Comme chez dame Agatha, tous les éléments de l’intrigue sont en place et c’est aux petites cellules grises de s’activer. Pas simple, d’autant que l’enquête de Pitt se heurte systématiquement à des impasses. Le ministre ? Complice mais a posteriori, par amour. L’Egyptienne ? Elle nie avoir tué, aurait eu bien d’autres moyens plus discrets et plus efficaces de contrer les avances renouvelées du jeune diplomate, probablement innocente. Son majordome ? N’a rien vu, rien entendu, déclare-t-il. Et jusqu’à la moitié du livre, on tourne en rond.

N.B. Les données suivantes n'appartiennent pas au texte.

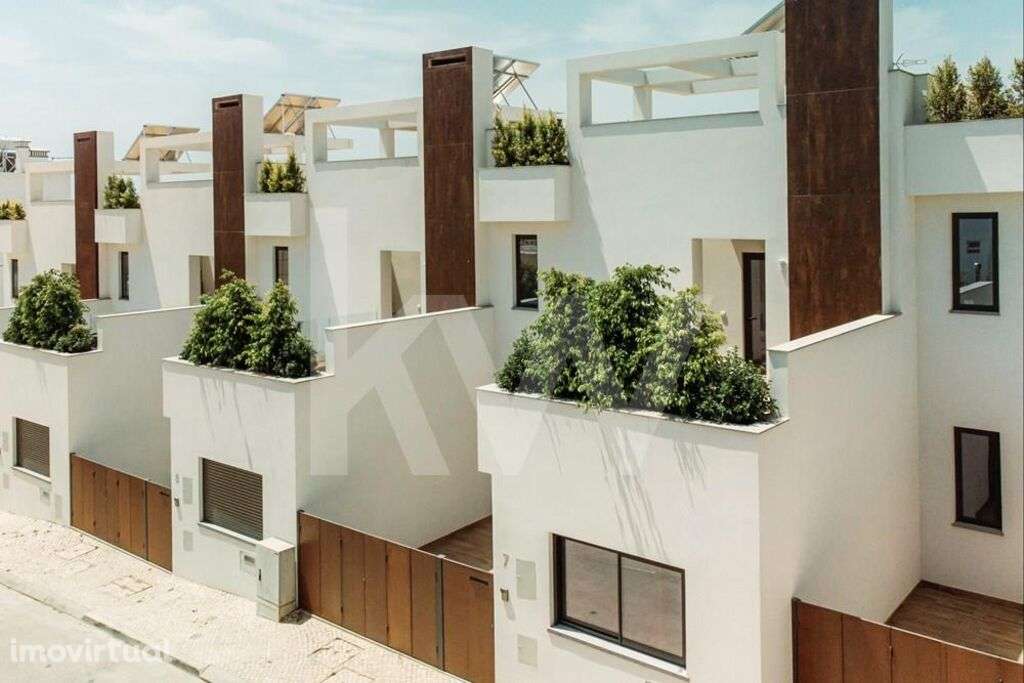 Moradia T3 geminada com linhas contemporâneas, com Piscina e carport n - Grande imagem: 4/44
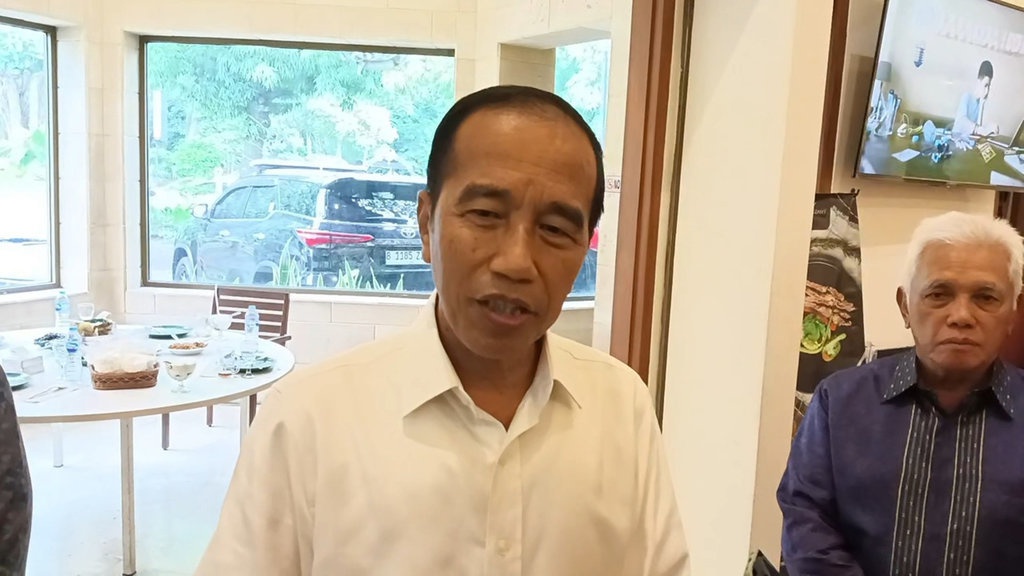 Jokowi soal Polemik HGB di Laut Tangerang: Dicek Proses Legalnya Jokowi soal Polemik HGB di Laut Tangerang: Dicek Proses Legalnya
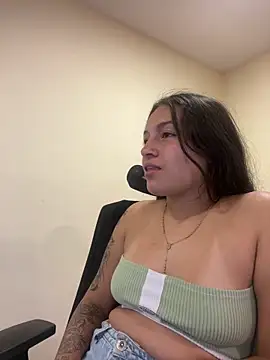 Alyha Cortes online show from April 2, 2026, 1:51 pm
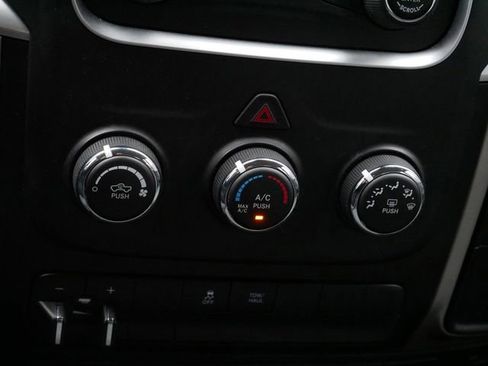 Used 2017 RAM 1500 Classic SLT AWD/4WD image 23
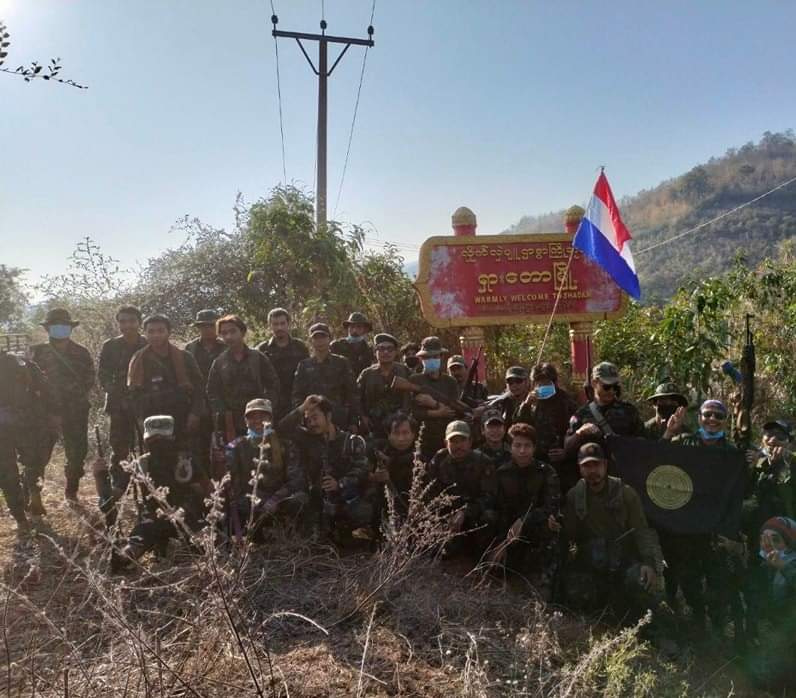 NantEiThandar's tweet photo. After #1111Operation, Allied Forces have already occupied 6 Towns and 65 terror Junta army stations in #Karenni State, according to the Resistance Forces. KTM
#BanJetFuelExportsToMM
#SanctionAviationFuel
#2024Mar24Coup
#WhatsHappeningInMyanmar https://t.co/diZOJmFxPH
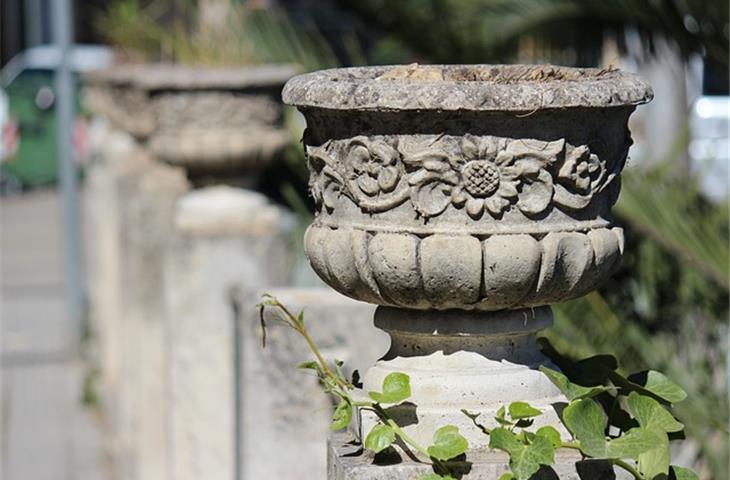 planter with solar light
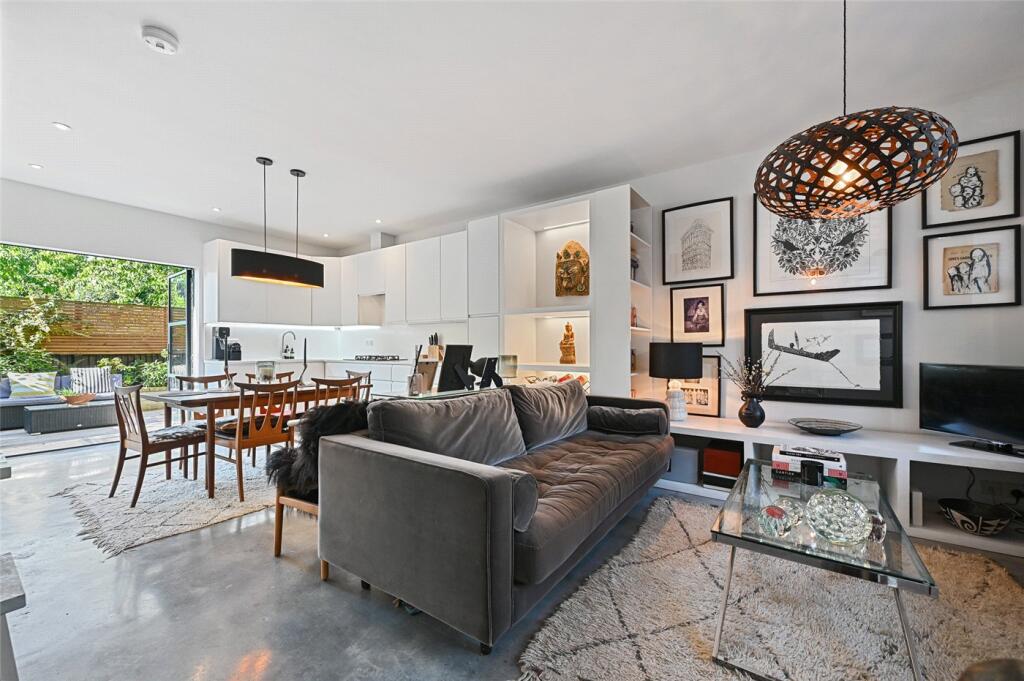 Main image of property: Galloway Road, London, W12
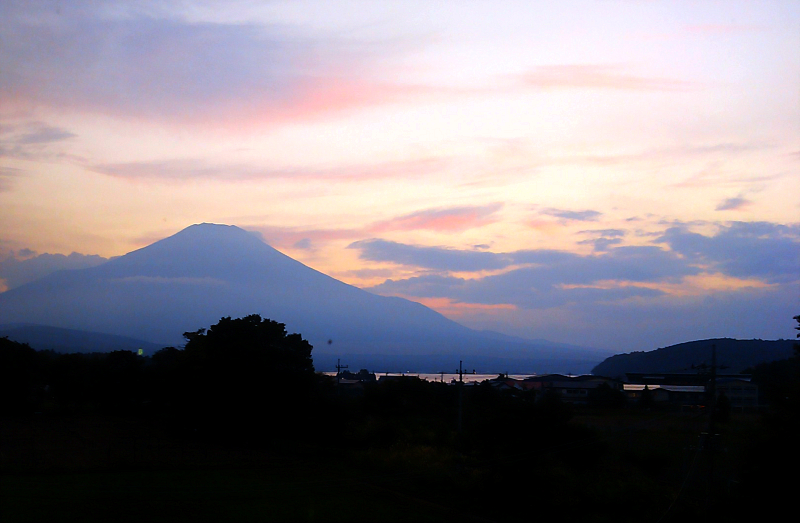 A silhouette of Mr.Fuji in twilight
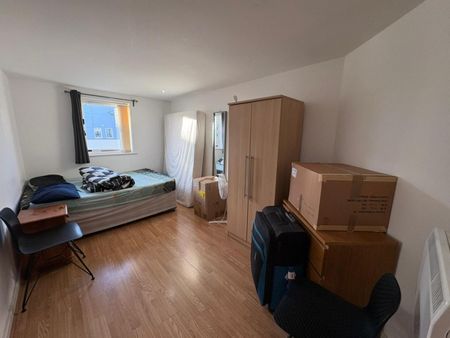 2 bedroom Flat To Let - Photo 4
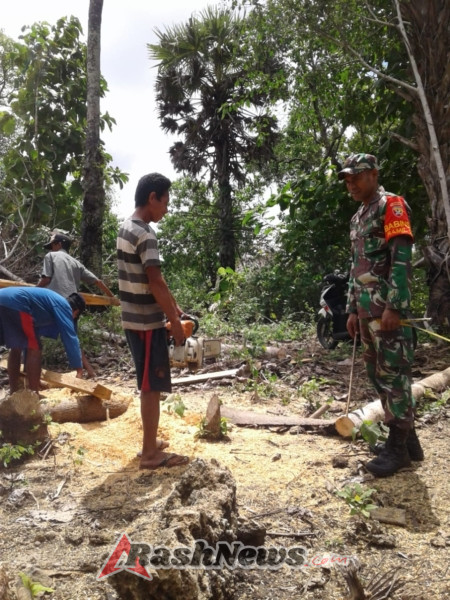 Melalui Karya Bakti, Babinsa Ba’a Perkuat Kebersamaan dan Kepedulian di Desa Suelain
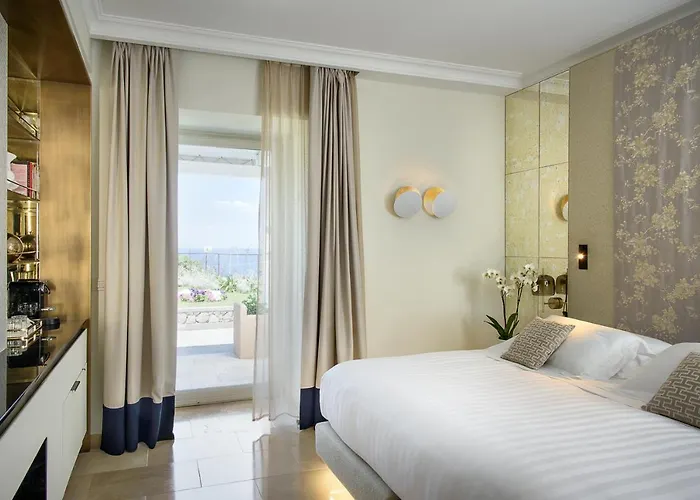 Marina - Preferred & 5* Capri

Occasion se remettre le lecteur dans l’ambiance victorienne. L’auteur prend plaisir à décrire les gamins délurés vendeurs de journaux, fagotés comme Oliver Twist. Elle vous apprend comment traiter une tache de graisse sur une veste sans l’abîmer, avec du pied de mouton réduit en poudre. Elle se délecte aux réparties vachardes de la bonne société où les convenances sont tout et où une réputation se crée ou se perd sur un mot d’esprit. Elle détaille la couleur et le satin des robes, comment il doit se marier avec les rangs de perles ou le diadème de diamants. Elle précise que nulle femme qui se respecte ne doit sortir sans quelque chose sur la tête : châle pour les pauvresses, bonnet pour les servantes, chapeau extravagant à plume d’autruche pour les dames du monde.
Mais pas seulement : l’enquête a une portée géopolitique en cette époque d’empire. Le ministre est aussi député de Manchester où les fabriques de tissus en coton sont agitées. La Grande-Bretagne occupe l’Egypte pour garder ouverte la route des Indes par le canal de Suez. Egypte qu’elle a ruinée en concurrençant ses cotonnades. Un sourd nationalisme, mâtiné d’intégrisme religieux, irrigue la population du Caire et d’Alexandrie. Il ne faudrait qu’un prétexte de rien pour mettre le feu aux poudres et chasser les Anglais. Au fait : quelqu’un aurait-il intérêt à mouiller un ministre pour libérer son pays ?
Pitt est envoyé enquêter en Egypte. Il doit apprendre qui était Ayesha l’Egyptienne. Il doit savoir comment la victime, l’ex-lieutenant Lovat, s’est comporté lors de son service dans le pays. Chou blanc ? En apparence… Car les fils de la trame se mettent en place peu à peu, des indices convergents sont livrés au lecteur qui commence à comprendre. Mais commence seulement : la clé de l’énigme, dans les ultimes pages, va surprendre ! Rien n’est jamais comme on croit et la révélation est digne d’une énigme Agatha.